Welcome to the Coal (previously Game Studio) website: see the latest news. (29-07-05)

Current Version: 2.6.1 (30/7/05)

 about coal

Coal (previously Game Studio) is a package of programs which make, execute and deploy adventure games.

While other adventure game development programs exist, Coal is built to be user friendly, powerful, and most importantly: designed for all computer users. No programming knowledge required! You design the game, the story, graphics, sounds and bring it to life in Coal. Your game is then ready to distribute!

Best of all, Coal is currently free to download and use - no restrictions.

The Coal package includes:

  • the Builder, which is where you insert sounds, music and graphics, and other required information

  • the Engine, which runs your game

  • the Packager, which gathers all the necessary files to make the game work, including the Engine, and packages them together for placing on distribution media along with...

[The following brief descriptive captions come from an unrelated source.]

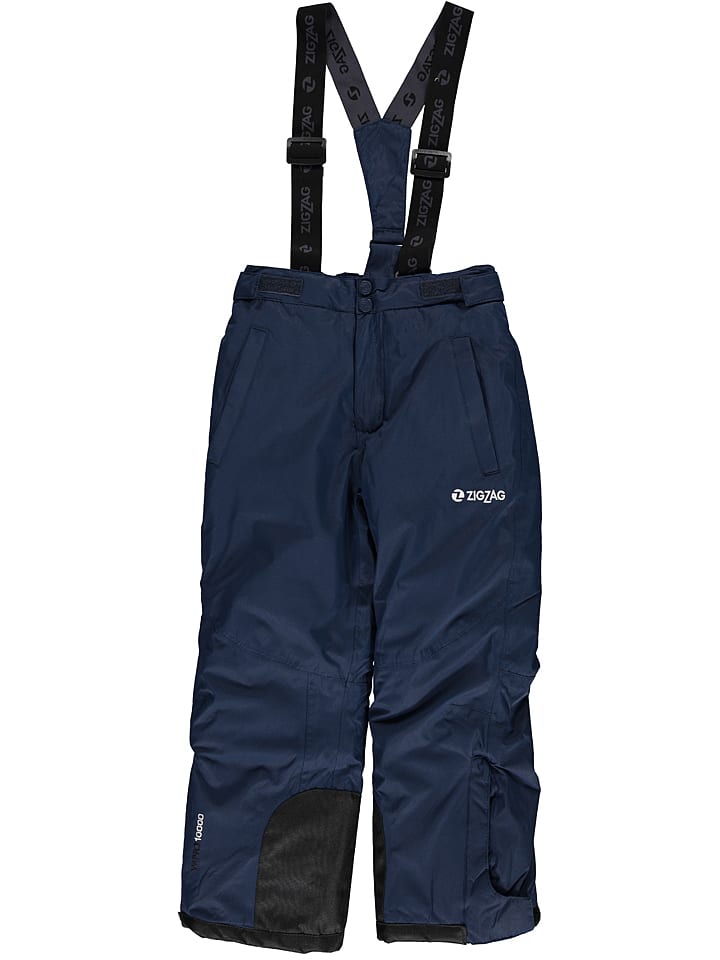Zigzag Spodnie narciarskie "Provo" w kolorze granatowym rozmiar: 116/122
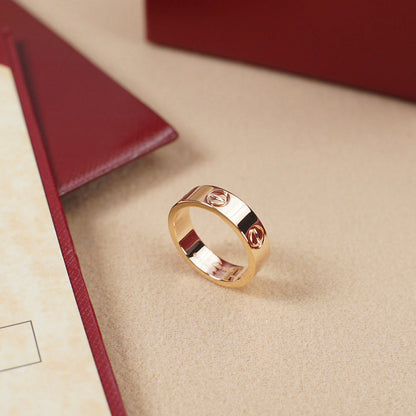 [Dawnora Jewelry]LOVE RING 5.5MM NO DIAMOND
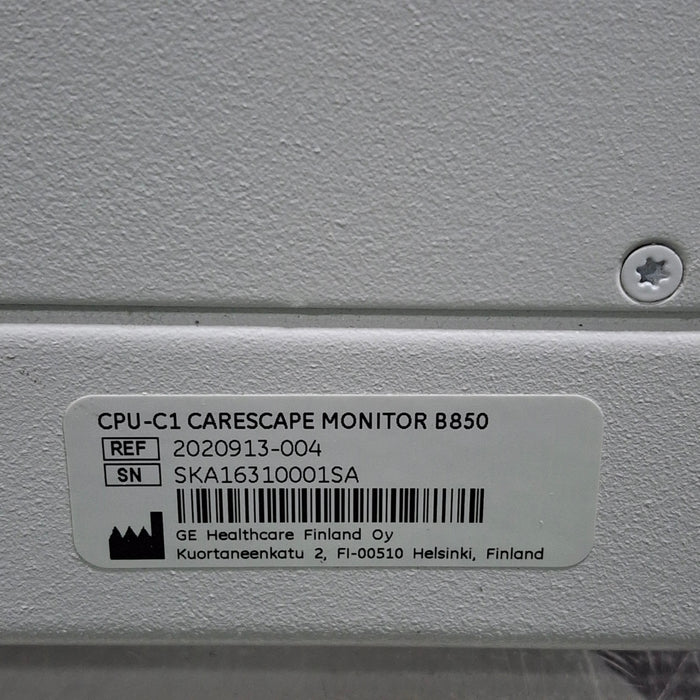 GE Healthcare Carescape B850 CPU Assy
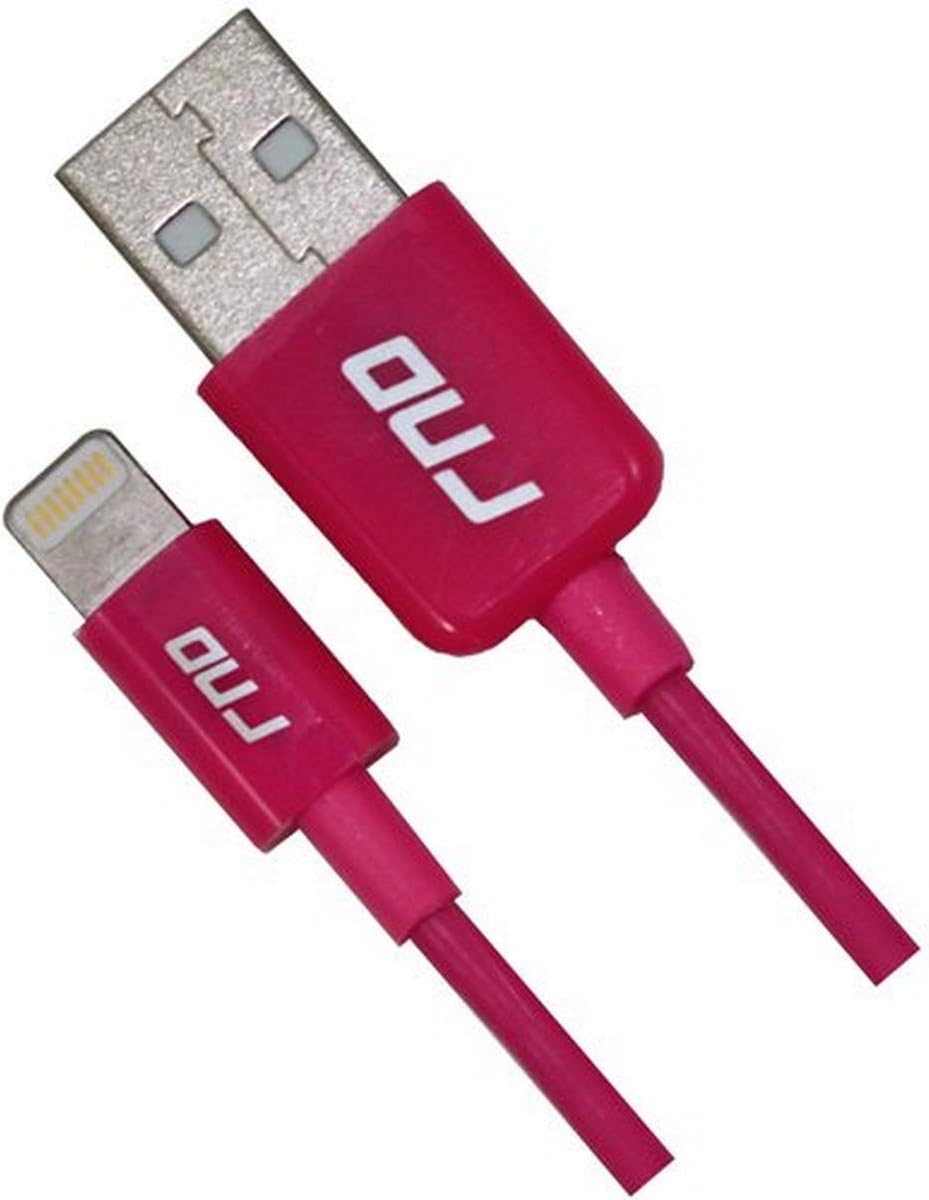 Rnd Apple Certified Lightning USB 3.3Ft Cable (2-Pack) for Iphone (11, Pro, Max, XS, Max, XR, X, 8, Plus, 7, Plus, 6, 6S) Ipad (Pro, Air, Mini) and iPod (3.Feet/1 Meter/Pink)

  • the Installer, which installs all the game files needed onto the end users computer.

  • Plus, a customisable auto-run program for use on CD distributions, and soon: an updater, for repairing errors.

Games developed with Coal are unpackaged using the Installer, which creates a professional and simple install routine for the end-user.

Coal, and any games built with it, are built to run on PC's running Windows 95+ and NT 3.51+ with DirectX 7 or later installed. Windows XP is fully supported.

 how it works

Your Coal project consists of smaller pieces that together, make your game. These are:

  • Rooms: the scenes in which the player stands in and interacts with. These contain objects; items which the user clicks on to perform actions.

  • Characters: includes the player (also known as the main character, which the user controls) and the people which the player can interact with.

  • Conversations: a series of topics and dialogue between two or more characters.

  • Messages: dialogue that the environment displays in response to an action the player has performed. (like a narrator for the game)

  • Inventory: items which the player can take.

  • Scripts: where special animations and sequences can be written, without use of code.

The game play works as follows:

In the environment, the player is placed in a room, and can click on the objects within that room to interact with them (eg. an apple). When an object is clicked on, an action menu appears; a list of things the user can do with that object, such as 'look', 'touch' and 'eat'. For each action, there is a corresponding script which runs when the user selects the action. This script may direct the engine to animate the player eating an apple, if 'eat' was chosen. The developer predetermines what happens for each action.